[pcre-dev] [Bug 1437] Using PCRE-8.34 on x86-64 Linux with …

Página Principal
Apagar esta mensagem
Autor: Shlomi Fish
Data:  
Para: pcre-dev
Assunto: [pcre-dev] [Bug 1437] Using PCRE-8.34 on x86-64 Linux with --enable-jit and --enable-utf , grep -iP '^S' gets stuck on a binary file consuming a lot of CPU for many seconds
------- You are receiving this mail because: -------
You are on the CC list for the bug.

http://bugs.exim.org/show_bug.cgi?id=1437




--- Comment #2 from Shlomi Fish <shlomif@???> 2014-01-23 07:46:07 ---
> --- Comment #1 from Zoltan Herczeg <hzmester@???> 2014-01-23
> 00:11:06 ---
> Thanks for the bug report. I tried your pattern and input on the
> latest trunk, and matched /^S/ 100000 times to your input. The JIT runtime
> was 0.16 sec, the interpreter was 1.14 sec.


OK.

>
> Am I see right that you use PCRE-8.33? That is a bit old revision, and several
> improvements were added since then (e.g. 'S' has three lowercases, and
> matching such letters was improved recently).

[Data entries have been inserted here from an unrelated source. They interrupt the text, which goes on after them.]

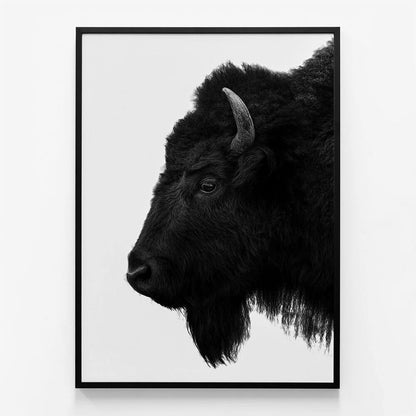 Black Bison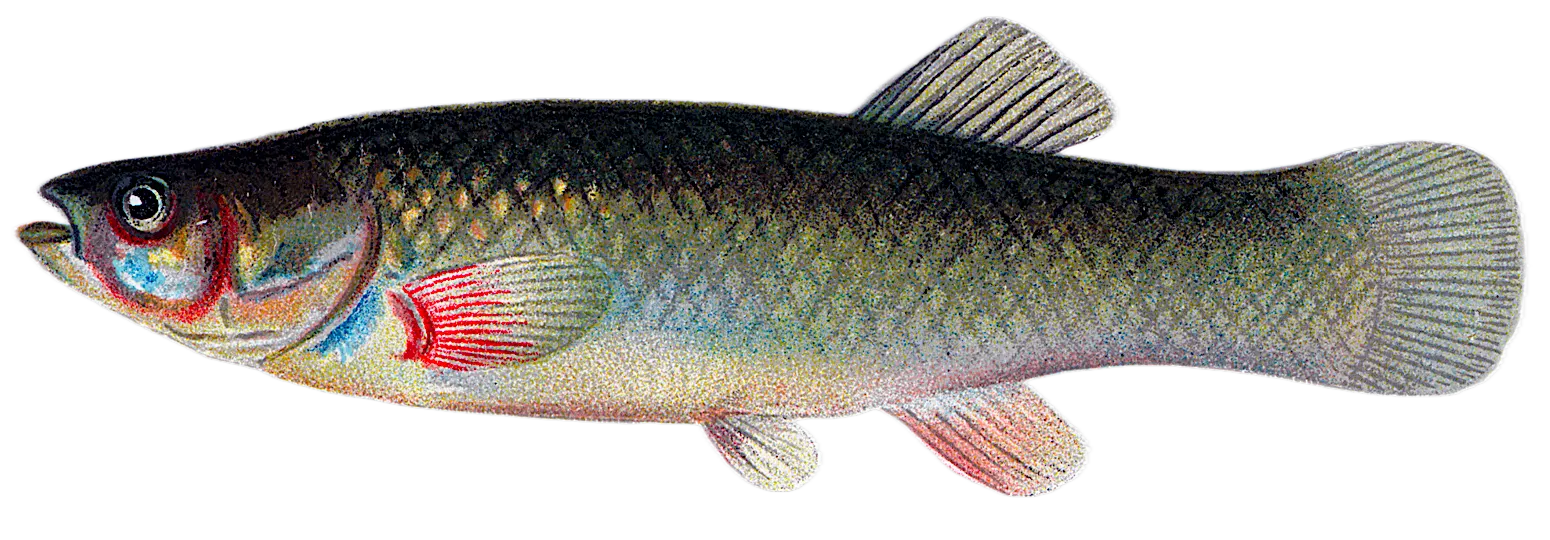 Mummichog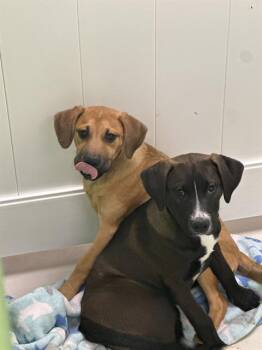 Labrador Retriever and Mixed Breed Dogs Available for Adoption in Omaha, Nebraska - EVELYN | PetCurious
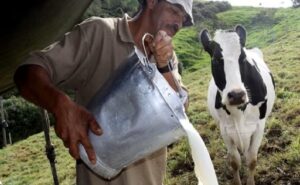 Sequía golpea al Atlántico producción de leche cayó un 60% y ganaderos advierten de reservas secas
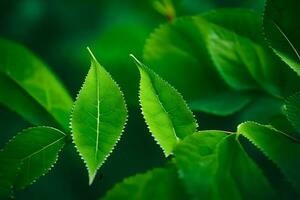 verde folhas em uma árvore. gerado por IA foto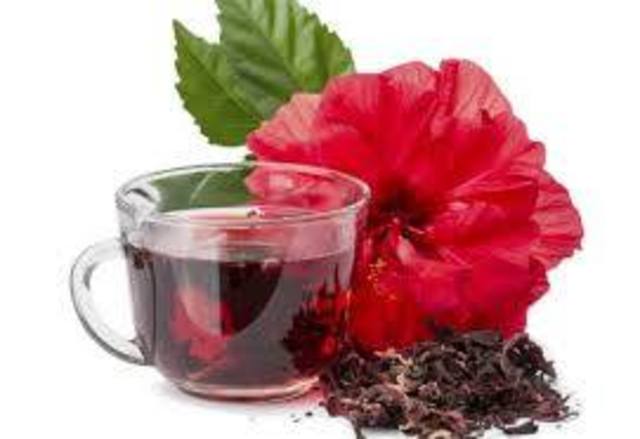 Katia Araujo Hilario 2205214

Well, I also tried it with libpcre-8.34 on x86-64 on Debian Testing, and was
able to reproduce the bug there. 8.34 is the latest version according to
ftp://ftp.csx.cam.ac.uk/pub/software/programming/pcre/ .

> Furthermore your input is not a
> valid UTF8 stream, and the matching behaviour is not defined in such cases.


OK, I realise it is a binary file, but the longer story is that it was part of
a file in a Claws-Mail directory tree, which I searched using grep -iPr, and
once grep got to that file, it got stuck and started consuming a lot of CPU and
wouldn't proceed any further.

>
> Would it be possible to dump the input of pcre_exec calls in grep? I suspect
> something is bad ('size' argument for example) with some input buffers.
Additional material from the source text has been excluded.